▶ _Problem statement_
Write out the entries below exactly, but only from the line containing "Tapered Round 400" through the line containing "M18/M20 крышка шатуна", and without the pictures.

BEGIN Source records

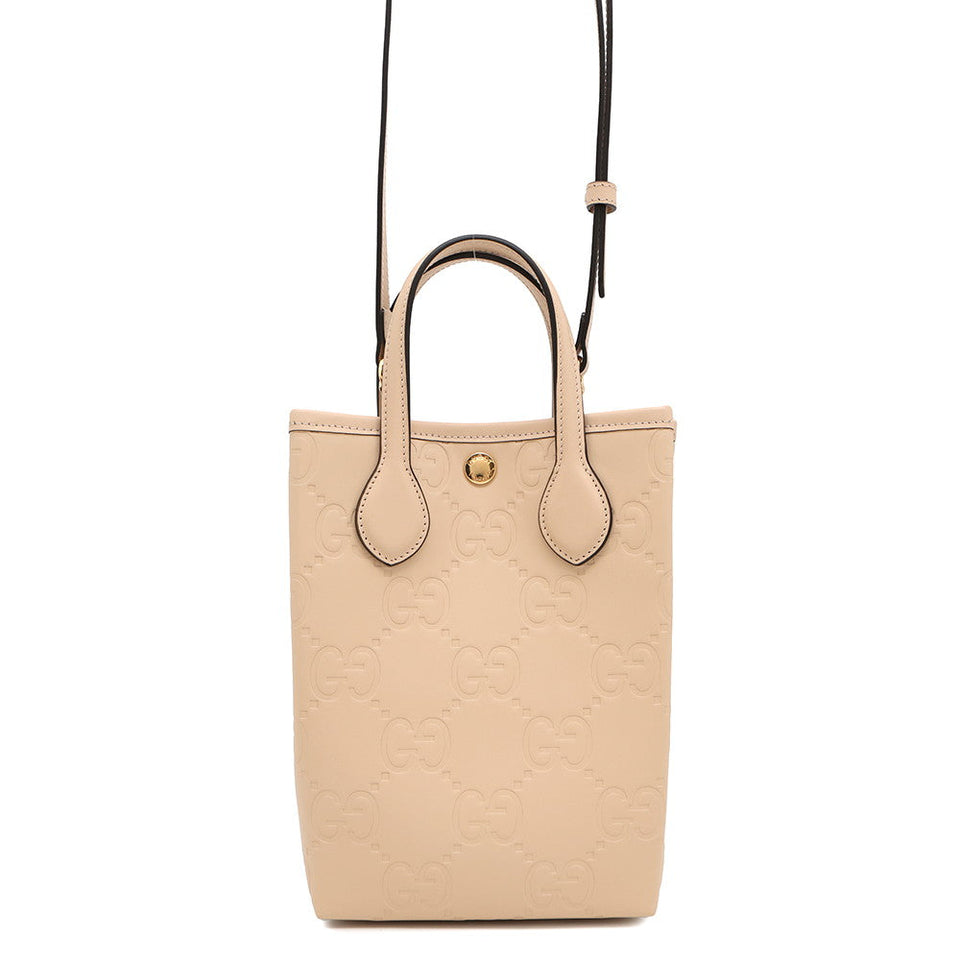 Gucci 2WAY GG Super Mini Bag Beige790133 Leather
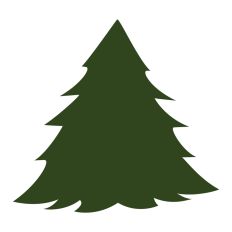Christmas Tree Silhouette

END Source records
BEGIN Source records

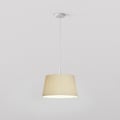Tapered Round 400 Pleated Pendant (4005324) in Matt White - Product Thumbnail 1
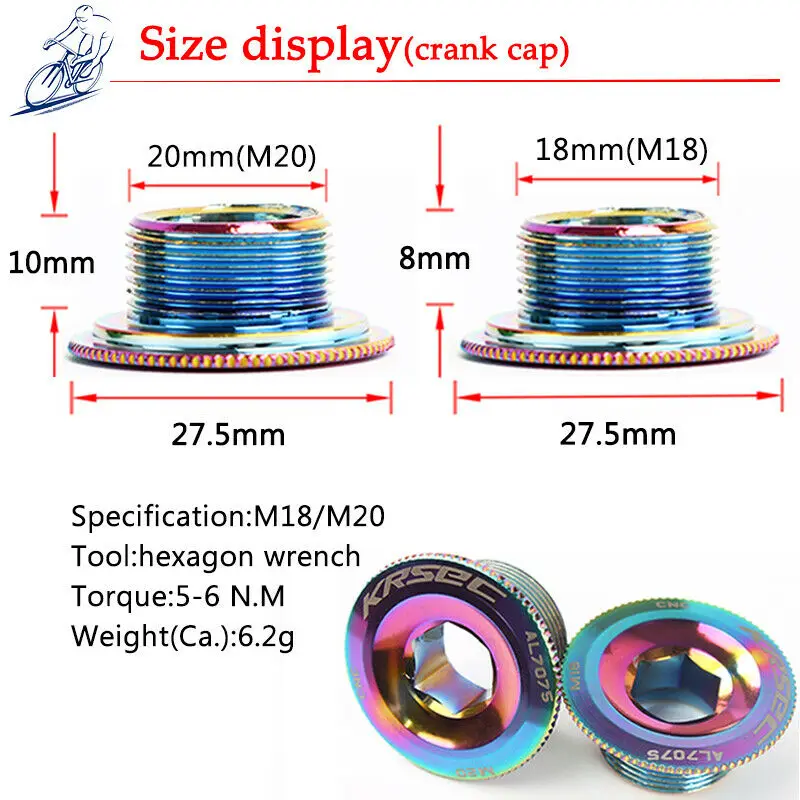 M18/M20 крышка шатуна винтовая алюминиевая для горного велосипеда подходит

END Source records

▶ _Task solution_
Tapered Round 400 Pleated Pendant (4005324) in Matt White - Product Thumbnail 1
 M18/M20 крышка шатуна винтовая алюминиевая для горного велосипеда подходит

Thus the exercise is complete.